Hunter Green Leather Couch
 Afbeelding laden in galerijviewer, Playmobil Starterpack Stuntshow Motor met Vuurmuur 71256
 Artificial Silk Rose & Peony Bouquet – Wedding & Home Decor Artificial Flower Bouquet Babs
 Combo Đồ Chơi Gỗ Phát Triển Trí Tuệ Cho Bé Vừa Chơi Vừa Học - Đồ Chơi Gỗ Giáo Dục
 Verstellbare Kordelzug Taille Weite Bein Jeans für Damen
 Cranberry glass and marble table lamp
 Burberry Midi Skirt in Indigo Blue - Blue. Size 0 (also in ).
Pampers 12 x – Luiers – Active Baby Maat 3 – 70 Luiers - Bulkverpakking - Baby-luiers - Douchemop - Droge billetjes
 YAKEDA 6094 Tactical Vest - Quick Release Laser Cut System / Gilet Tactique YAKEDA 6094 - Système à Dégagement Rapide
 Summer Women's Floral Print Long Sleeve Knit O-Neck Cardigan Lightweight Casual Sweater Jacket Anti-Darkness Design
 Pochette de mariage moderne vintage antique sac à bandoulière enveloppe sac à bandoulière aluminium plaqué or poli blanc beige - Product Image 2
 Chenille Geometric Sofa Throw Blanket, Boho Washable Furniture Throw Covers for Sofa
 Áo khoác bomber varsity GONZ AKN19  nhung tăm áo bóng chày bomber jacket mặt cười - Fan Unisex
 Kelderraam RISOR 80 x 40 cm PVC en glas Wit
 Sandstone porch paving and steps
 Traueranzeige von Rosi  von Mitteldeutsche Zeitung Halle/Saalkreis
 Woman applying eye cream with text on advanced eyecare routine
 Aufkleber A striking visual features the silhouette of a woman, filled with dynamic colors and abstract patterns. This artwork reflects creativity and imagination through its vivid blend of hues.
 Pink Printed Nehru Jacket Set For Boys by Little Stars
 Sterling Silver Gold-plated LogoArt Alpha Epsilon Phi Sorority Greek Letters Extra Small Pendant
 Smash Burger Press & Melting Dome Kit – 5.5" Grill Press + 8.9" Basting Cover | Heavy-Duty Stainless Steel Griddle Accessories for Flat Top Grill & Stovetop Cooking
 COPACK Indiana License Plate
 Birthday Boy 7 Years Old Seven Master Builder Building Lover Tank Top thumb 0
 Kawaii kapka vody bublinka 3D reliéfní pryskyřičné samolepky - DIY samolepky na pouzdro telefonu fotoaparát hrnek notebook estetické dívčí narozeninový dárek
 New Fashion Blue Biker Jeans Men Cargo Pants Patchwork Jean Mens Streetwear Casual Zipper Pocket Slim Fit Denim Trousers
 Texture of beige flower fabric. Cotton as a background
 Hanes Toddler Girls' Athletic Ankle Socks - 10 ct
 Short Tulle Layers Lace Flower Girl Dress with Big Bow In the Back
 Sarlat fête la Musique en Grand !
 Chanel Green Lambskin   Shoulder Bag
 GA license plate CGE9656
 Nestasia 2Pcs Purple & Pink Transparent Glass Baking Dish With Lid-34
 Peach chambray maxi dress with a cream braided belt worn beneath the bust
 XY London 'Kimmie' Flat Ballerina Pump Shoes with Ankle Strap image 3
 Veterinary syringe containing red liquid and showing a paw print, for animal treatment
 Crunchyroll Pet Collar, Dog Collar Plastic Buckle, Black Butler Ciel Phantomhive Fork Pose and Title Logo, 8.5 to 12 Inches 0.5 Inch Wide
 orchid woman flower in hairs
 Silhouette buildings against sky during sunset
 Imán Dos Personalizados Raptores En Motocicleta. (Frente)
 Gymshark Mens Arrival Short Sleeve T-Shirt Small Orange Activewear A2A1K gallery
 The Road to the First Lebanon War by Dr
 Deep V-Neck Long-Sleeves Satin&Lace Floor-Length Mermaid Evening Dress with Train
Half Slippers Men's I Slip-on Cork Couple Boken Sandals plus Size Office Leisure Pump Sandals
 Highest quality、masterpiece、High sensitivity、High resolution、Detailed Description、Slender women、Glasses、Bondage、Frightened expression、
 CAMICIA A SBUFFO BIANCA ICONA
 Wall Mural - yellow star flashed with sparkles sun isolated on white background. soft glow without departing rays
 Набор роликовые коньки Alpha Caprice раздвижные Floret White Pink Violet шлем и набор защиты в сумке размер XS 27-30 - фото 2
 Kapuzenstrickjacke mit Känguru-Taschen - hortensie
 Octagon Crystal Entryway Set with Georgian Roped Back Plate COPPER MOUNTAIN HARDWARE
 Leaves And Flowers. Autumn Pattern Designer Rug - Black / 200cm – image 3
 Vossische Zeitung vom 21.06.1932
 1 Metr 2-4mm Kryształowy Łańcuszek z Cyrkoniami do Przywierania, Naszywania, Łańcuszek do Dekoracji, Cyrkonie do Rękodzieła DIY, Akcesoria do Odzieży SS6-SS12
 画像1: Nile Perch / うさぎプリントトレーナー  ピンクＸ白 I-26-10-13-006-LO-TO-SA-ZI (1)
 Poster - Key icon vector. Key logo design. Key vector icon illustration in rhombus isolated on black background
☆ ☆ ☆ ☆ ☆
- **Exercise goal**: What you return must be the lines from the line holding "Deep V-Neck Long-Sleeves" through the final line of the material, word for word, and nothing more.

- **Result**:
 Deep V-Neck Long-Sleeves Satin&Lace Floor-Length Mermaid Evening Dress with Train
Half Slippers Men's I Slip-on Cork Couple Boken Sandals plus Size Office Leisure Pump Sandals
 Highest quality、masterpiece、High sensitivity、High resolution、Detailed Description、Slender women、Glasses、Bondage、Frightened expression、
 CAMICIA A SBUFFO BIANCA ICONA
 Wall Mural - yellow star flashed with sparkles sun isolated on white background. soft glow without departing rays
 Набор роликовые коньки Alpha Caprice раздвижные Floret White Pink Violet шлем и набор защиты в сумке размер XS 27-30 - фото 2
 Kapuzenstrickjacke mit Känguru-Taschen - hortensie
 Octagon Crystal Entryway Set with Georgian Roped Back Plate COPPER MOUNTAIN HARDWARE
 Leaves And Flowers. Autumn Pattern Designer Rug - Black / 200cm – image 3
 Vossische Zeitung vom 21.06.1932
 1 Metr 2-4mm Kryształowy Łańcuszek z Cyrkoniami do Przywierania, Naszywania, Łańcuszek do Dekoracji, Cyrkonie do Rękodzieła DIY, Akcesoria do Odzieży SS6-SS12
 画像1: Nile Perch / うさぎプリントトレーナー  ピンクＸ白 I-26-10-13-006-LO-TO-SA-ZI (1)
 Poster - Key icon vector. Key logo design. Key vector icon illustration in rhombus isolated on black background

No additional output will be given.